## [PROBLEM STATEMENT]
Copy out the records precisely, omitting pictures.

## [DATA SECTION]
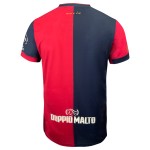 Maglia Casa Cagliari Calcio Uomo 2024/25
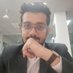Gautam Mishra (@Gautam_Adv28) Twitter profile photo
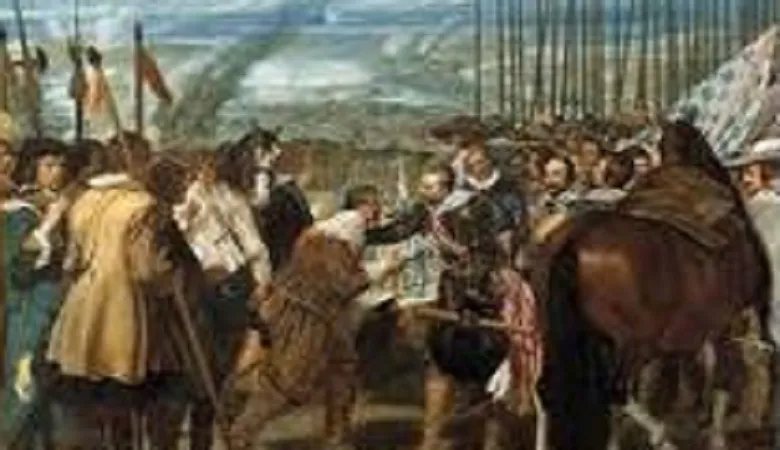 世界史論述指導の「具体的」な指導方法～4つのポイント＆出題形式～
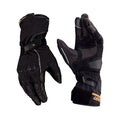 Leatt 7.5 ADV Subzero Gloves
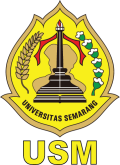 USM_Universitas Semarang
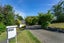 268 The Ridgeway, Stoke, Nelson - Carousel 13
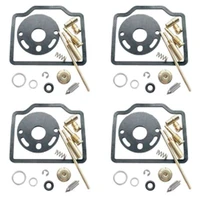 motorcycle carburetor retrofit kit carburetor repair kit suitable for honda cb750 cb 750 k1 k6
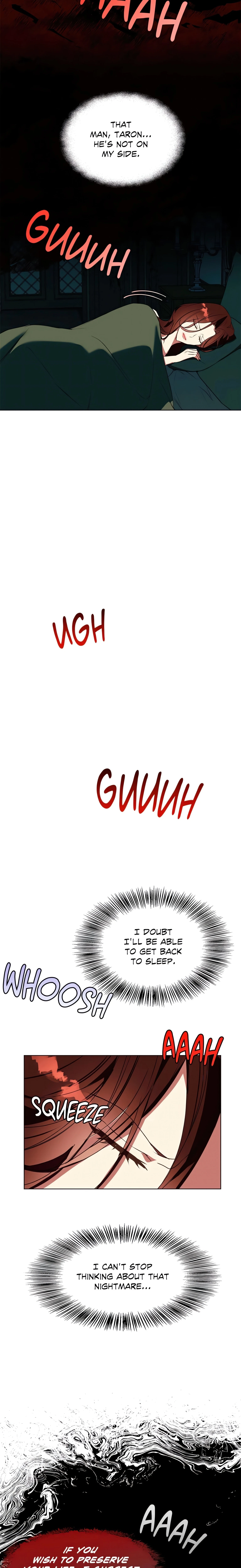 Chapter 5, page 12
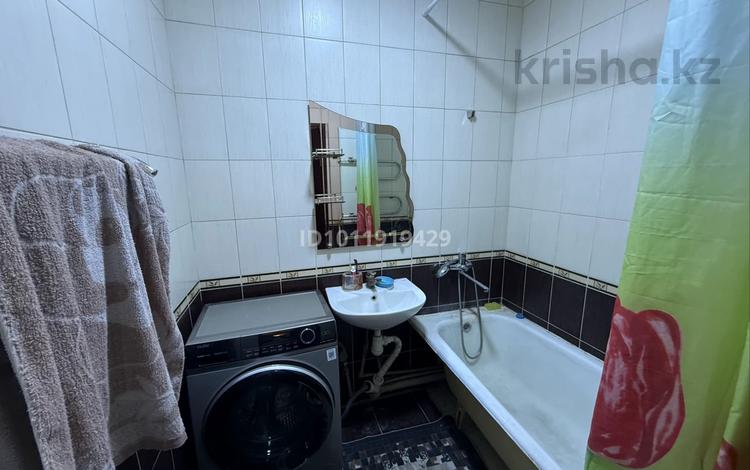 2-бөлмелі пәтер · 58 м² · 5/5 қабат, мкр Айнабулак-3 137, бағасы: 33 млн ₸ в Алматы, Жетысуский р-н — фото 2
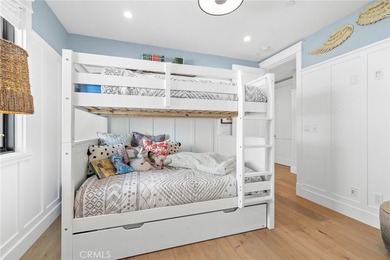 Indulge in luxurious coastal living with this fully furnished - photo 23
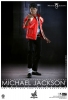 photo of M icon: Michael Jackson Beat It Version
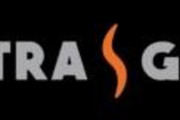 Imagen de perfil del partner Ultra - Villas del Rey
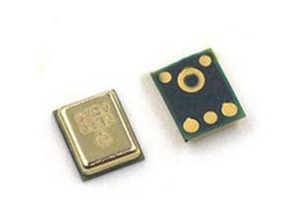 Ajouter au panier Microphone - Xiaomi Redmi Note 5 Microphone - Xiaomi Redmi Note 5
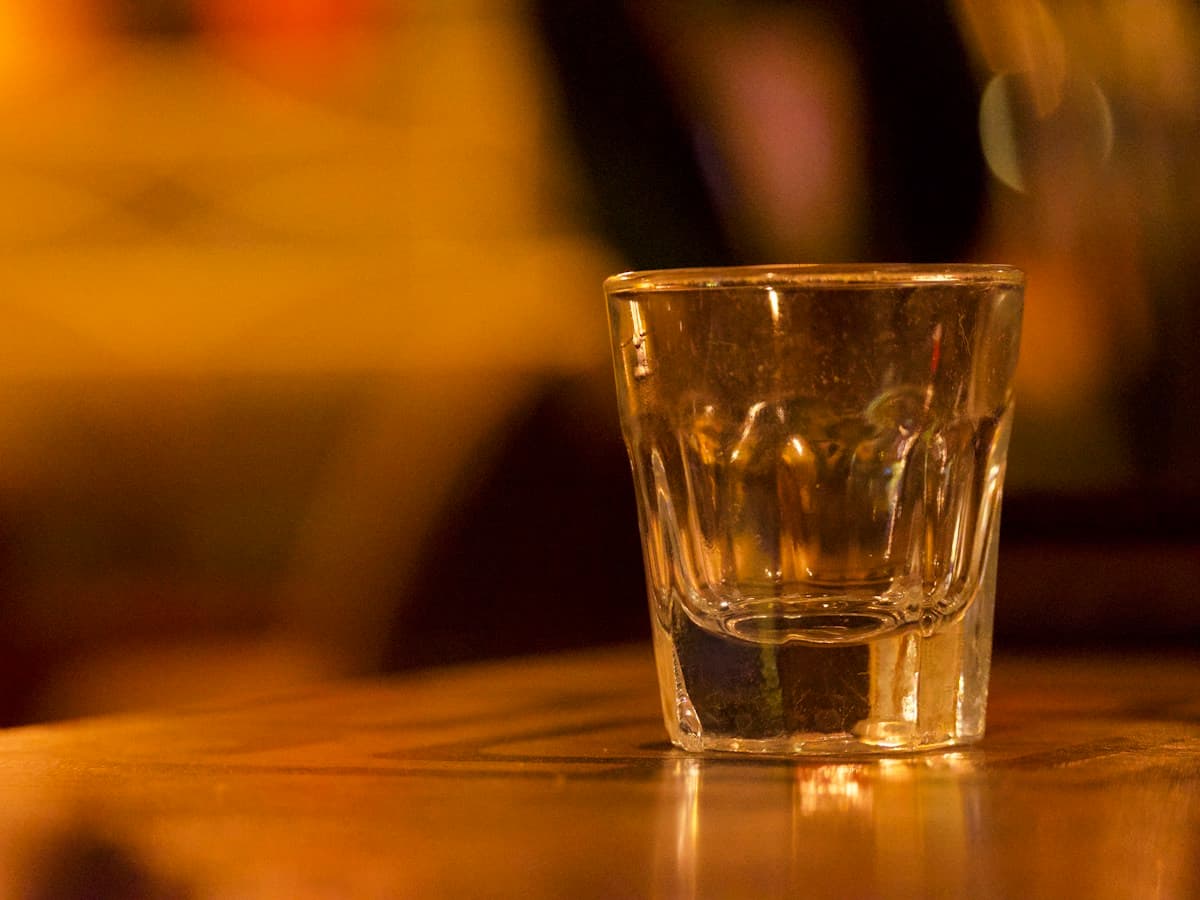Šljivovica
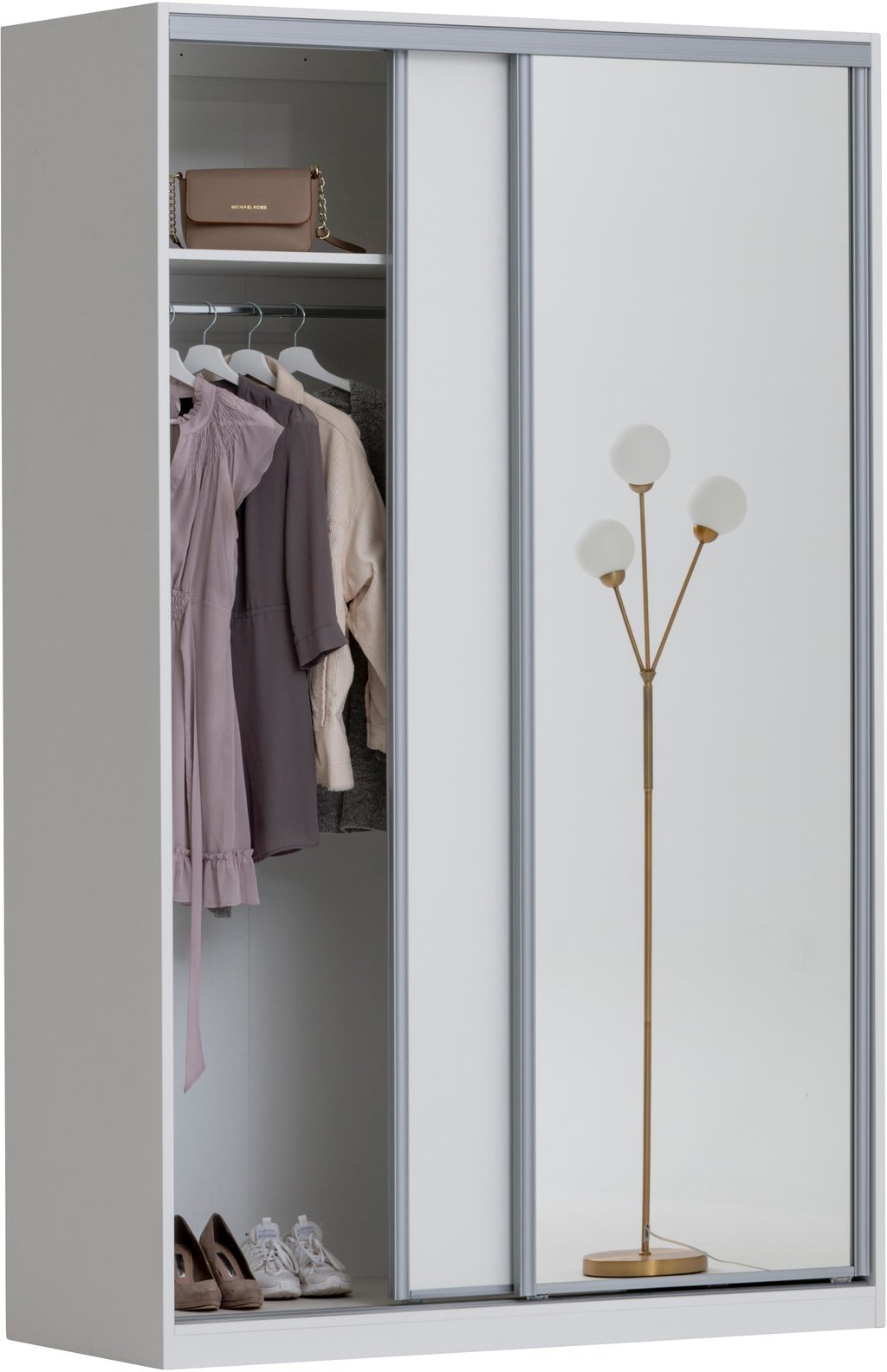 Doorit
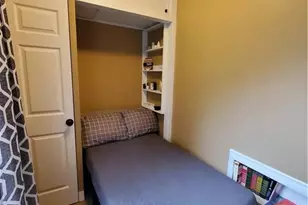 2282 Whitey Marshall Dr, Beavercreek, OH 45434 - Photo 31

## [YOUR RESPONSE]
 Maglia Casa Cagliari Calcio Uomo 2024/25
Gautam Mishra (@Gautam_Adv28) Twitter profile photo
 世界史論述指導の「具体的」な指導方法～4つのポイント＆出題形式～
 Leatt 7.5 ADV Subzero Gloves
 USM_Universitas Semarang
 268 The Ridgeway, Stoke, Nelson - Carousel 13
 motorcycle carburetor retrofit kit carburetor repair kit suitable for honda cb750 cb 750 k1 k6
 Chapter 5, page 12
 2-бөлмелі пәтер · 58 м² · 5/5 қабат, мкр Айнабулак-3 137, бағасы: 33 млн ₸ в Алматы, Жетысуский р-н — фото 2
 Indulge in luxurious coastal living with this fully furnished - photo 23
 photo of M icon: Michael Jackson Beat It Version
 Imagen de perfil del partner Ultra - Villas del Rey
 Ajouter au panier Microphone - Xiaomi Redmi Note 5 Microphone - Xiaomi Redmi Note 5
Šljivovica
 Doorit
 2282 Whitey Marshall Dr, Beavercreek, OH 45434 - Photo 31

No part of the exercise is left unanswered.